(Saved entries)
---+---

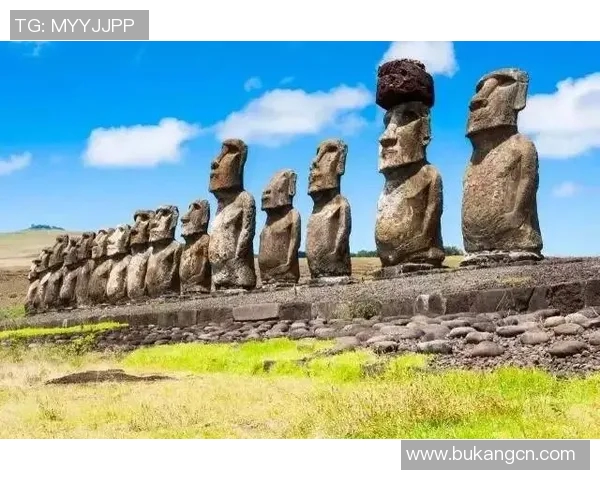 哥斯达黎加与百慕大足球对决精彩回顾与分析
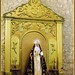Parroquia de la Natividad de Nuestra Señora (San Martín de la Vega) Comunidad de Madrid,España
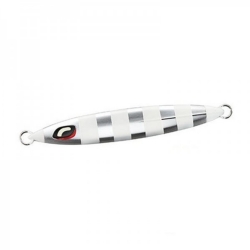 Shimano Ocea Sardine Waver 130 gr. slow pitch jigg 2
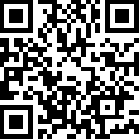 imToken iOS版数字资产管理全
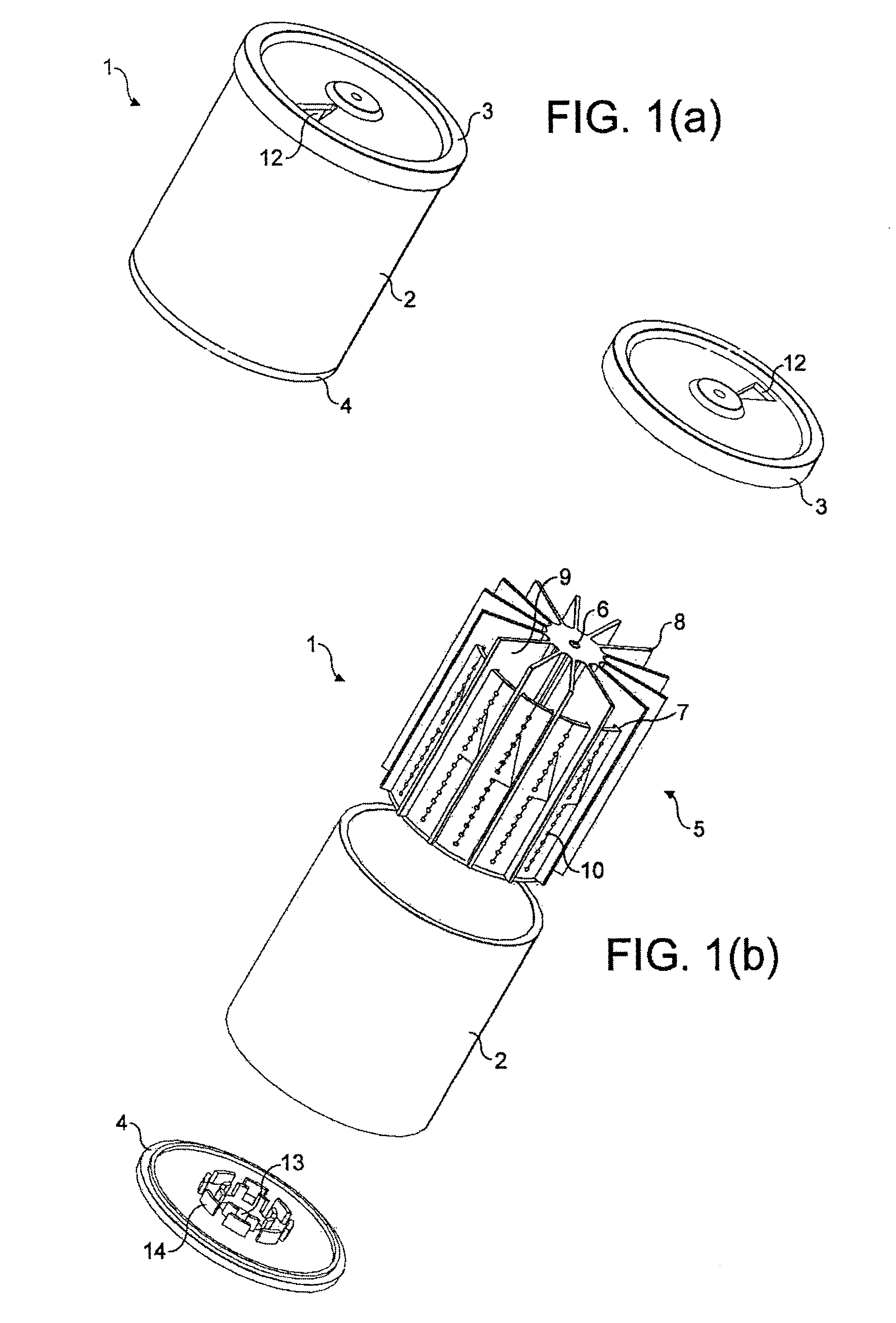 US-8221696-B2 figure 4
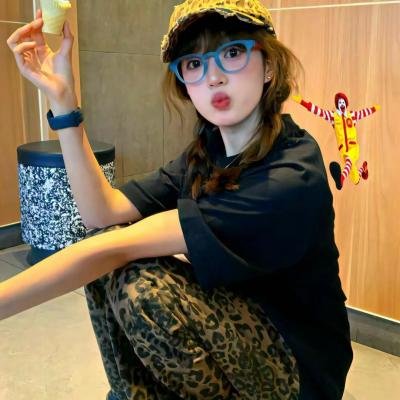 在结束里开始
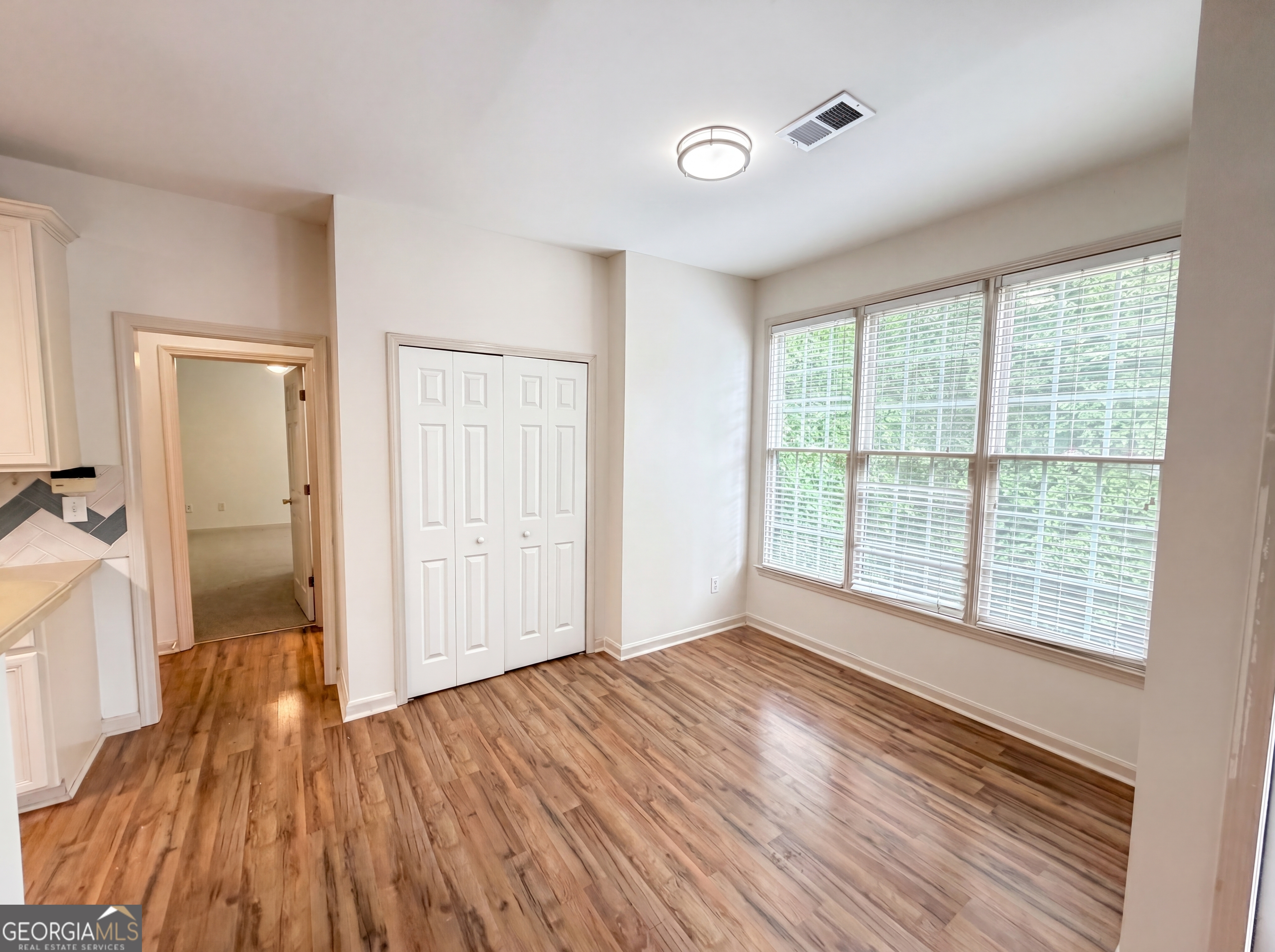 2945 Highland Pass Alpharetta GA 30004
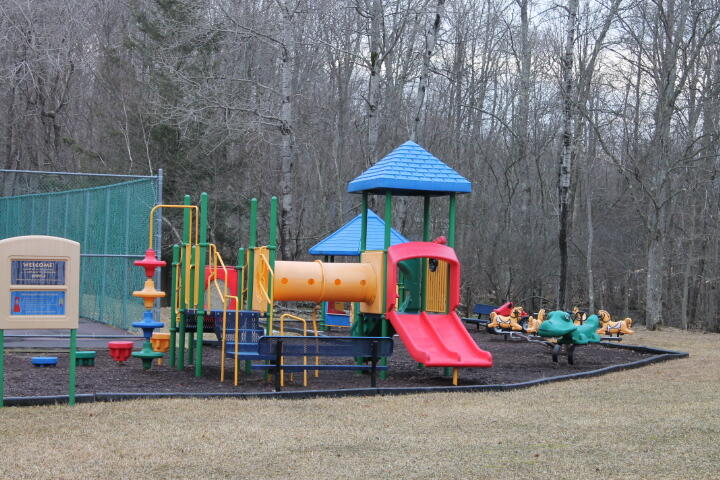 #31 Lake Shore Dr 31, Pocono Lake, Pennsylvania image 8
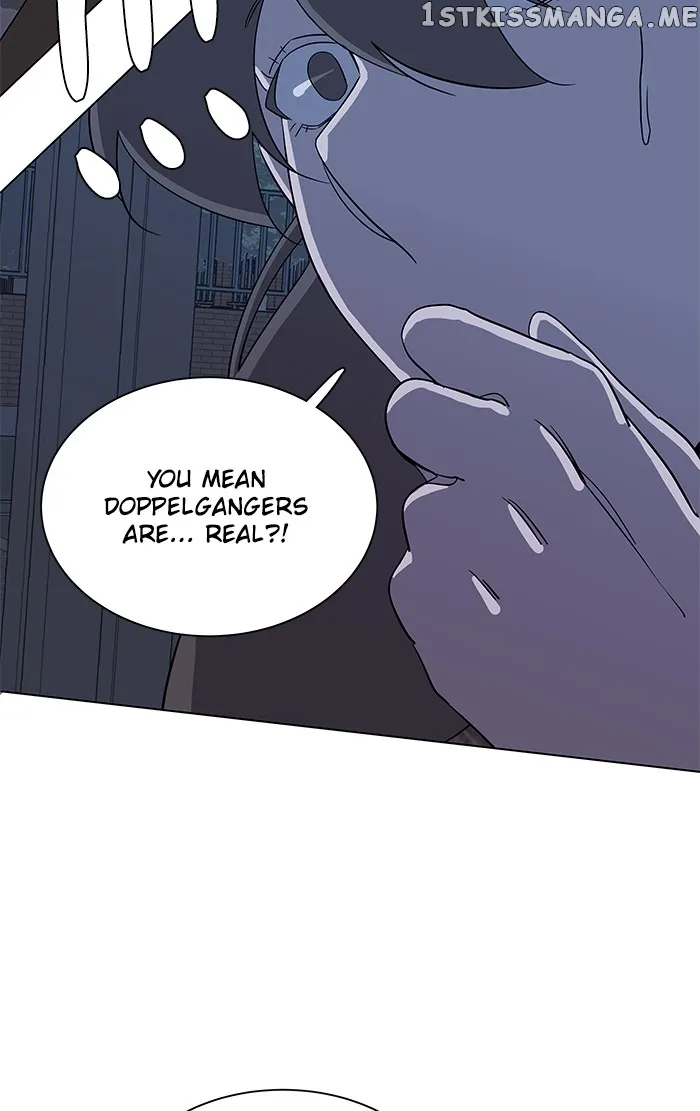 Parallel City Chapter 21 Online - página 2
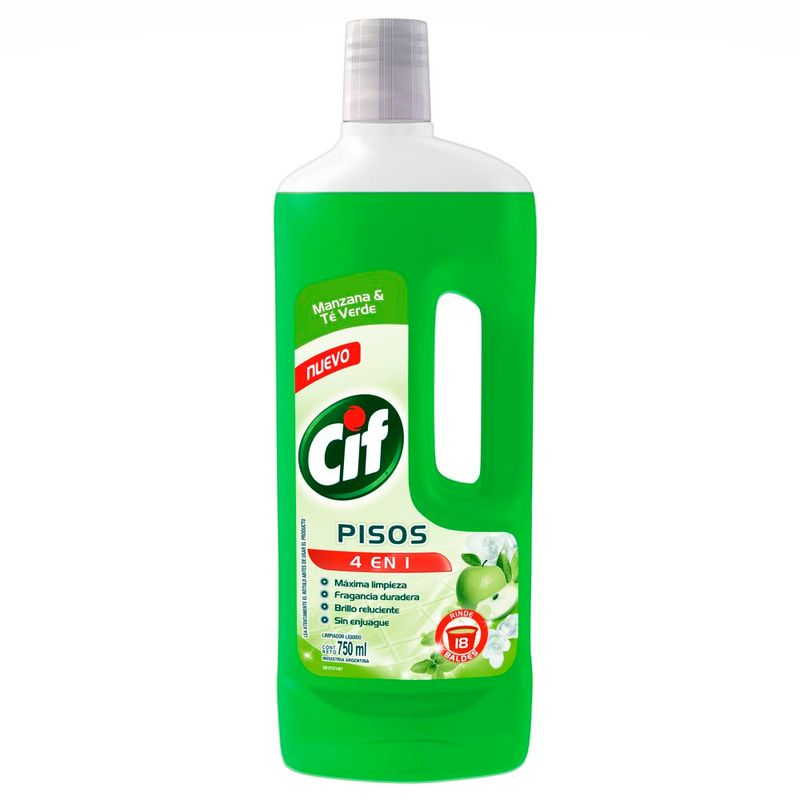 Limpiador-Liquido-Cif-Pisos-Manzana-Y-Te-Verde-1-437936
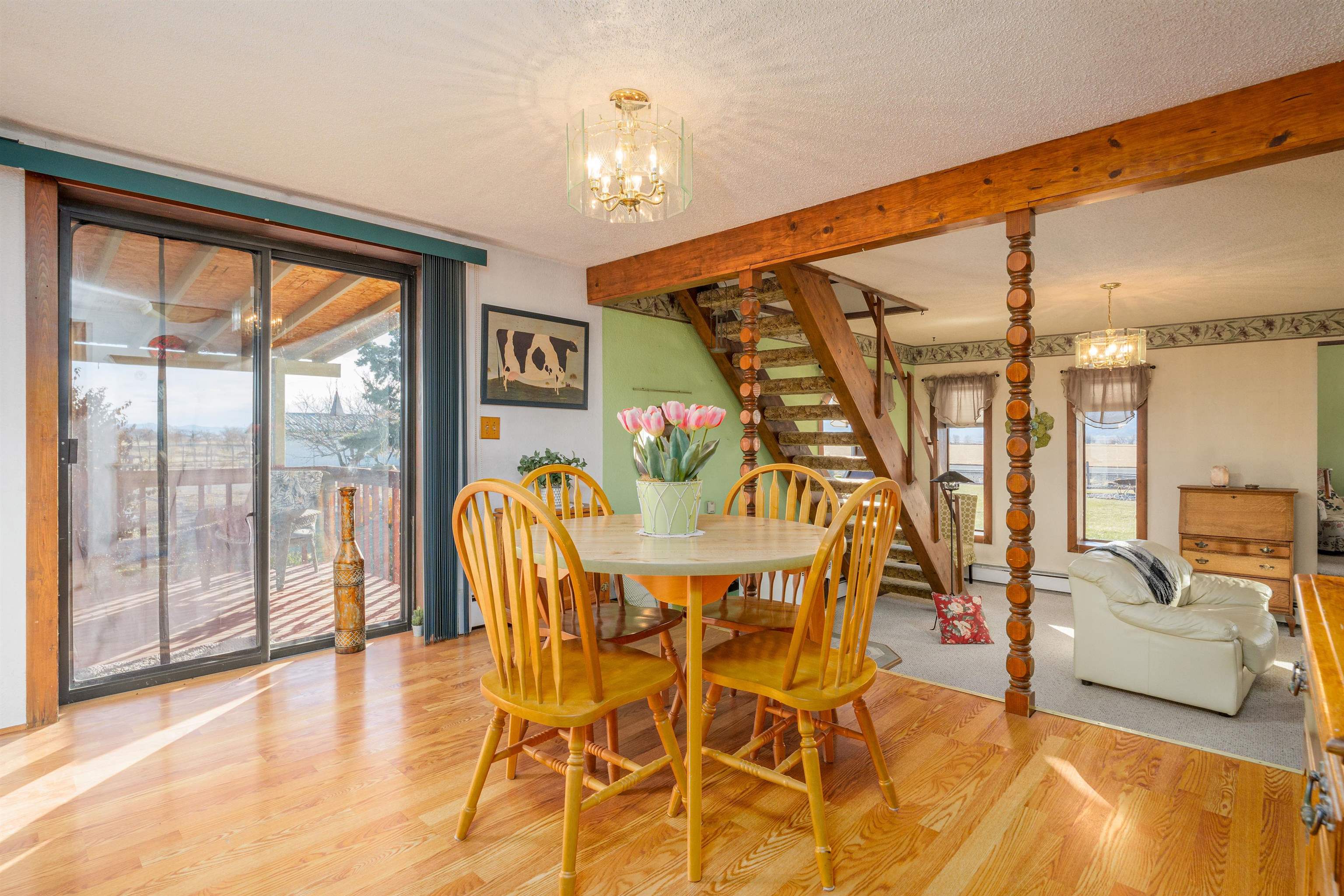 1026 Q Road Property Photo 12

---+---

Problem requirements ▸
Set every entry down again word for word, but not the pictures.

Solution to this exercise ▸
 哥斯达黎加与百慕大足球对决精彩回顾与分析
Parroquia de la Natividad de Nuestra Señora (San Martín de la Vega) Comunidad de Madrid,España
 Shimano Ocea Sardine Waver 130 gr. slow pitch jigg 2
 imToken iOS版数字资产管理全
 US-8221696-B2 figure 4
 在结束里开始
 2945 Highland Pass Alpharetta GA 30004
 #31 Lake Shore Dr 31, Pocono Lake, Pennsylvania image 8
 Parallel City Chapter 21 Online - página 2
 Limpiador-Liquido-Cif-Pisos-Manzana-Y-Te-Verde-1-437936
 1026 Q Road Property Photo 12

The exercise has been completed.